I would like to begin with the words of Shinran Shonin from the Jodo Wasan.


Please join me in gassho,


It is difficult to meet true teachers

And difficult for them to instruct.

It is difficult to hear the teaching well,

And more difficult still to accept it.


This passage is taken from the Larger Sutra and is in reference to the Buddha’s statement to Maitreya of the importance of hearing the name in the age of the decline of the Dharma.


My journey coming to the ministry is a second career for me occurring later in life. Aligning with the theme of this meeting of “Nembutsu: Appreciate Every Encounter,” I would like to share my personal encounter with the Nembutsu and why I am here today.
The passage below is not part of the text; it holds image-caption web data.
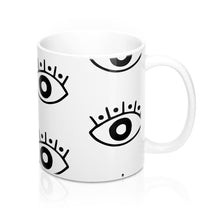 evil eye mug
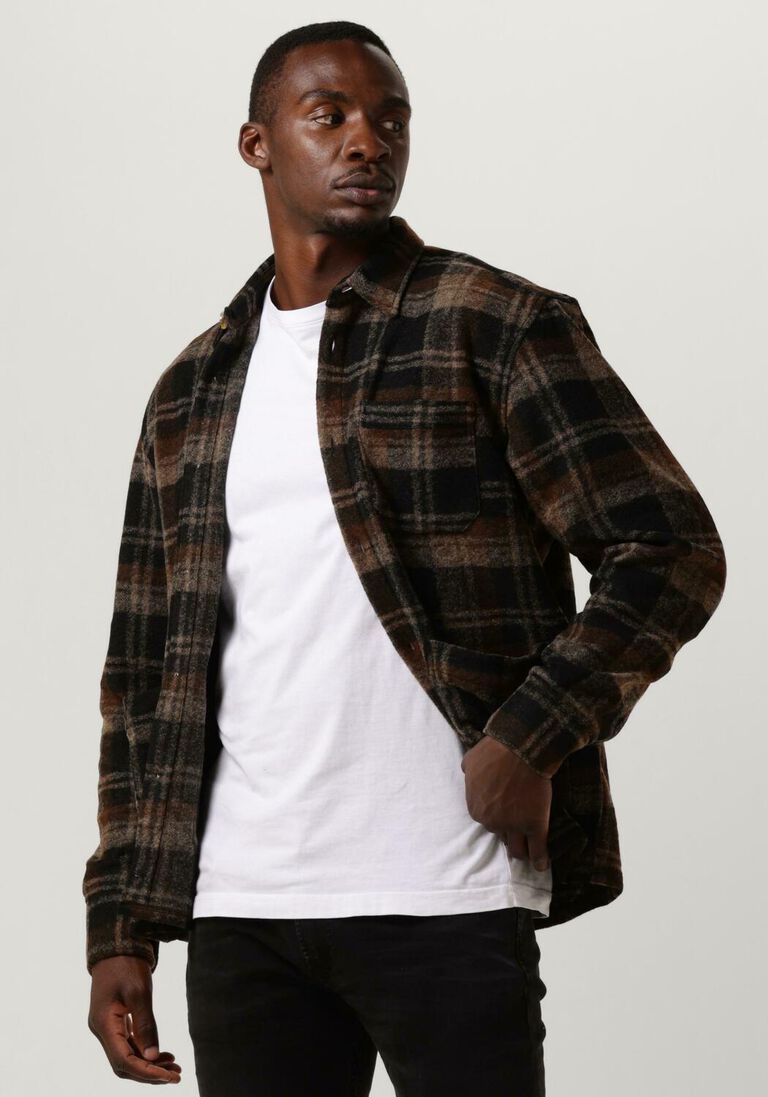 FOR\u00C9T bruine for&eacute;t overshirt ivy wool overshirt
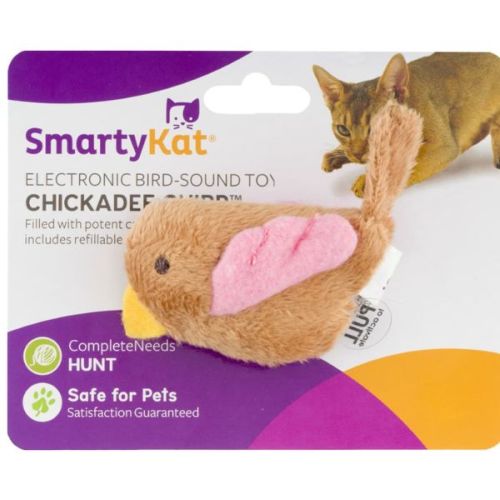 Smartykat Chickadee Chirp Electronic Sound Cat Toy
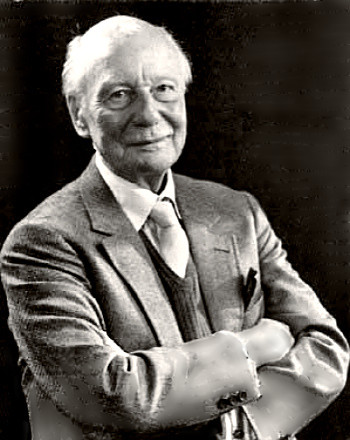 Actor Sir (Arthur) John Gielgud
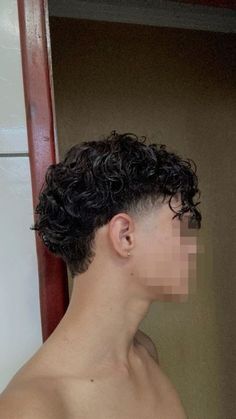 Short Curly Guy Haircuts, White Boy Curly Haircut, Haircuts For Guys With Wavy Hair, Short Curly Haircut Men, Curly Bowl Cut Men, Mid Taper Curly Hair, Hire Style Men Hair, Guy Curly Haircut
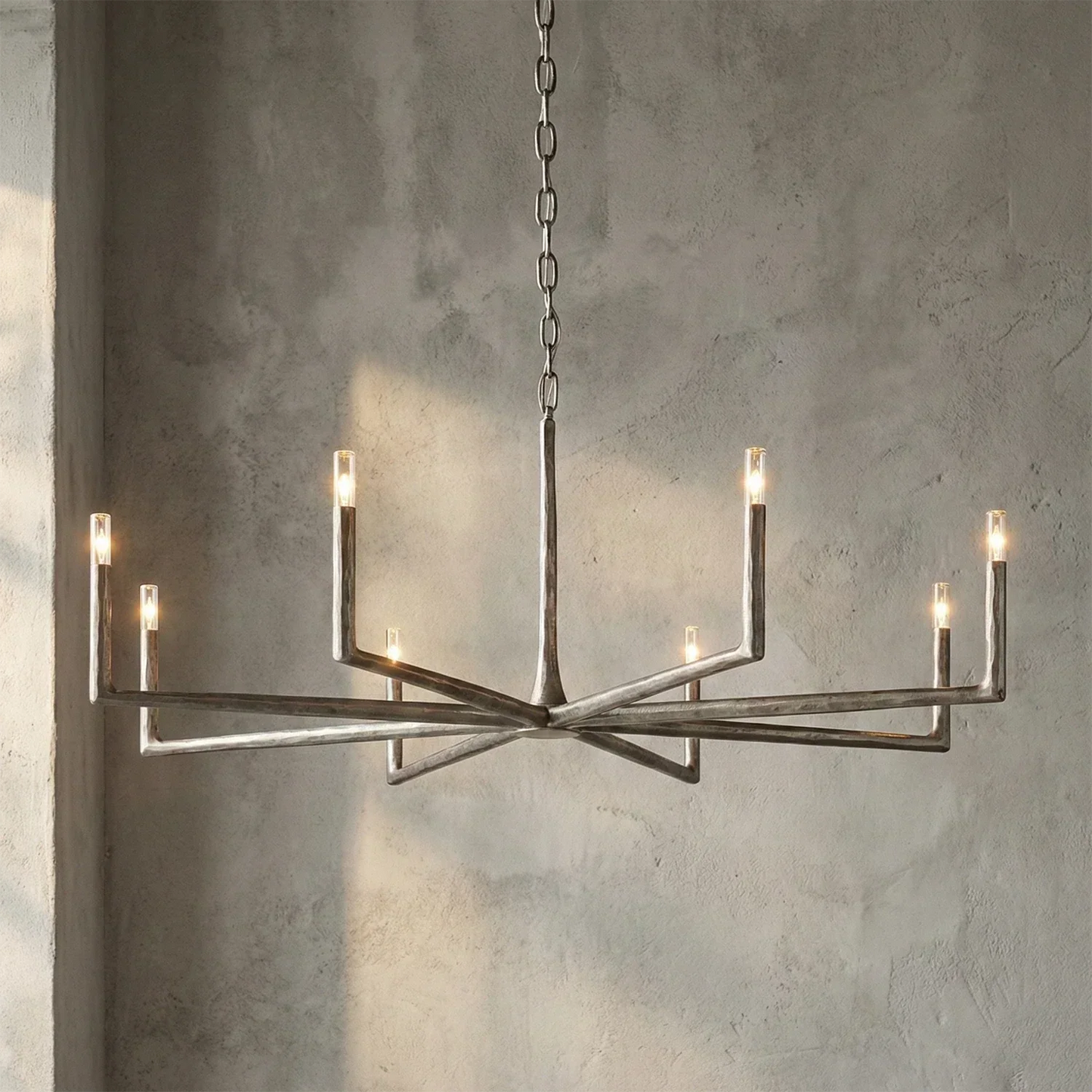 Avarit Forged Round Chandelier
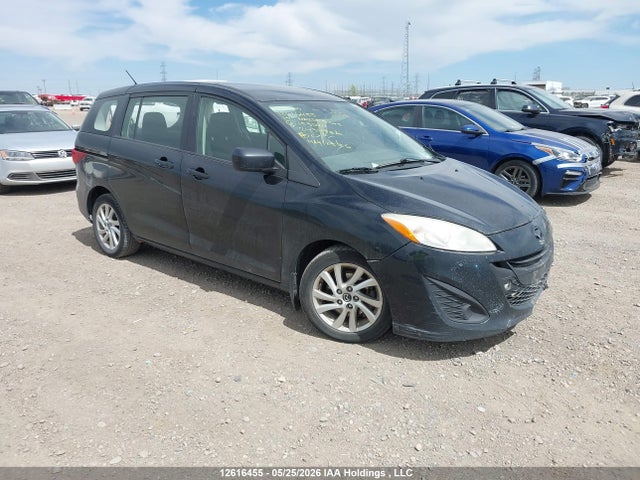 12616455 :رقم المزاد ، JM1CW2CL5D0153024 vin ، 2013 Mazda Mazda5 Gs مزاد بيع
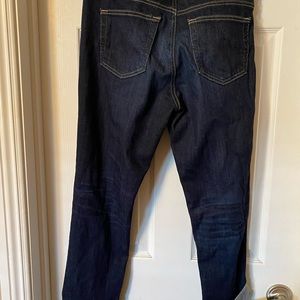 AG jeans. The Beau High Rise Slouchy Skinny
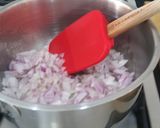 A picture of step 1 of Baked salmon in blue cheese creamy paradise.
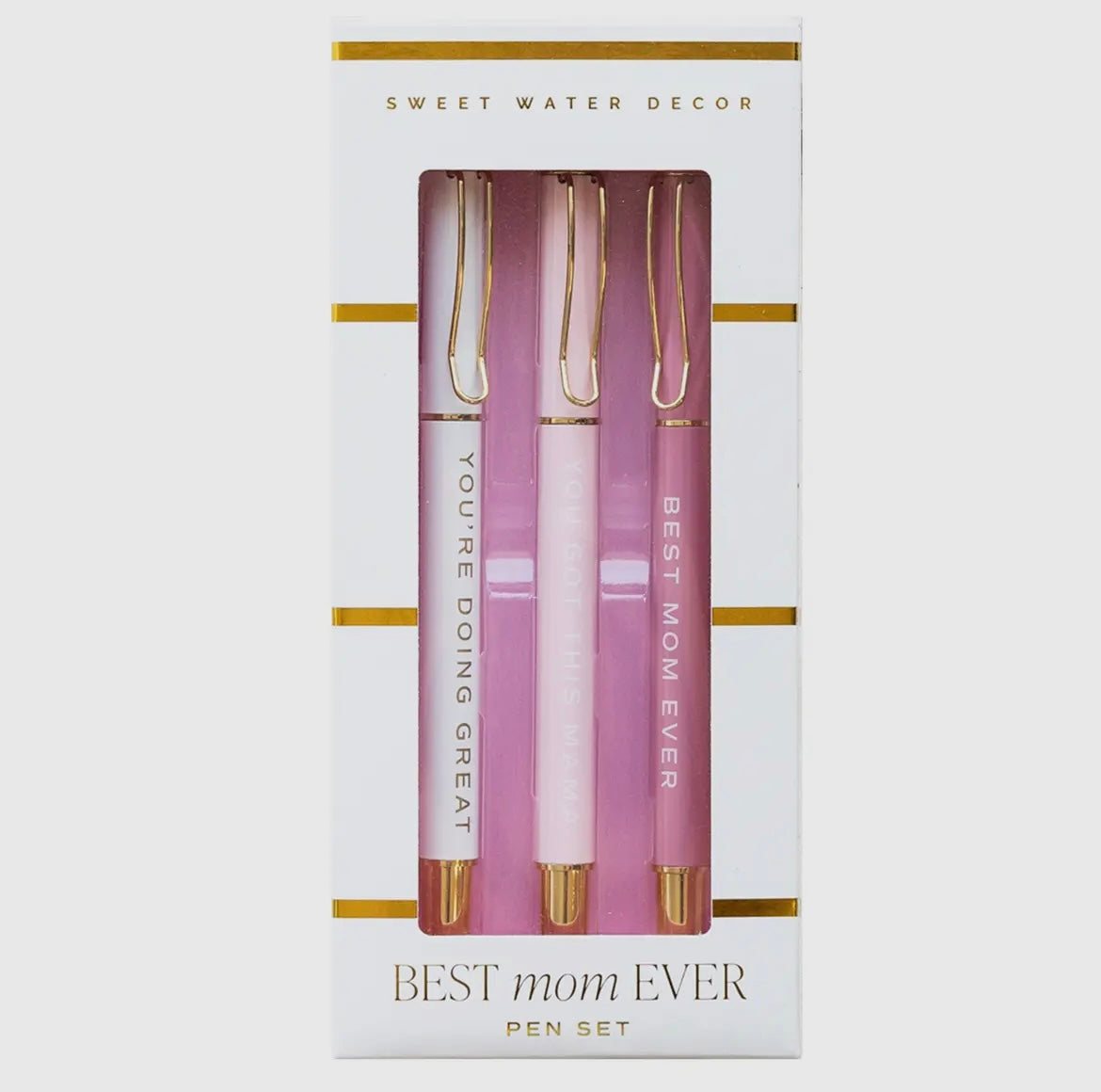 Best Mom Ever Metal Pen Set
The reason I chose this passage is that in my childhood, I didn’t understand what it meant to hear the name and live with the Nembutsu. I grew up in Minnesota in a Jodo Shinshu family, but we didn’t have a temple or a minister to meet with very often. The opportunity to listen to Dharma messages was infrequent. However, I have come to realize I was surrounded by people who lived with the Dharma in their lives.


I would like to tell you about one person who was my true teacher who had a significant influence on my path, and that was my mother.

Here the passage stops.